Sizing for visual AI solutions begins with performing end-to-end benchmarking, which means measuring the performance of the entire visual AI pipeline – both media processing and AI inference. Depending on the use case, input video, and AI models, media processing can be the bottleneck in performance instead of AI inference. Estimating AI system performance capability by looking at specs like TOPS (trillions operations per second) will not be helpful in this case, since TOPS is theoretical and only applies to the AI inference part of the pipeline, not media processing.
The end-to-end approach applies not just to CNN-based video analytics but also to various GenAI use cases with video. Just as CNN AI models can range from quite small to very large, GenAI models also span a wide range, from millions to billions of parameters.
For the most accurate visual AI infrastructure sizing, nothing beats a proof of concept (POC) with actual video from the project site. The scene complexity (including number and speed of objects present) and video settings (resolution, frames per second, bitrate/compression) both materially affect visual AI performance.
Since POCs are often not possible or practical, an alternative approach is to leverage tools that help create and benchmark end-to-end video and AI pipelines. With project-specific visual AI system performance estimates in hand, system integrators and solution builders can more easily understand which AI systems deliver sufficient performance and make more informed purchasing decisions while de-risking deployment.
Next Steps With Visual AI
Solution builders can explore multiple AI system architectures and compute options with a total cost of ownership lens, based on the end-to-end, real-world workload. Consider tools that not only help develop solutions quicker and easier, but also assist with end-to-end benchmarking and system sizing to reduce price-per-stream for end customers.

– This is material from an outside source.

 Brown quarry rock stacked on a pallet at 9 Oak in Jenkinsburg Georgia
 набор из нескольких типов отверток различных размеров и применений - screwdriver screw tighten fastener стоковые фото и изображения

System integrators can work with their technology partners to understand new use cases enabled by GenAI and explore all manner of system architectures, with reasonably accurate sizing estimates, to create value for their customers. Integrators may be surprised at how many video streams new visual AI infrastructures can handle.
End users have more options than ever. By working with trusted integrator and technology partners, they can better understand how investments in visual AI can not only improve security outcomes but also enhance overall operations.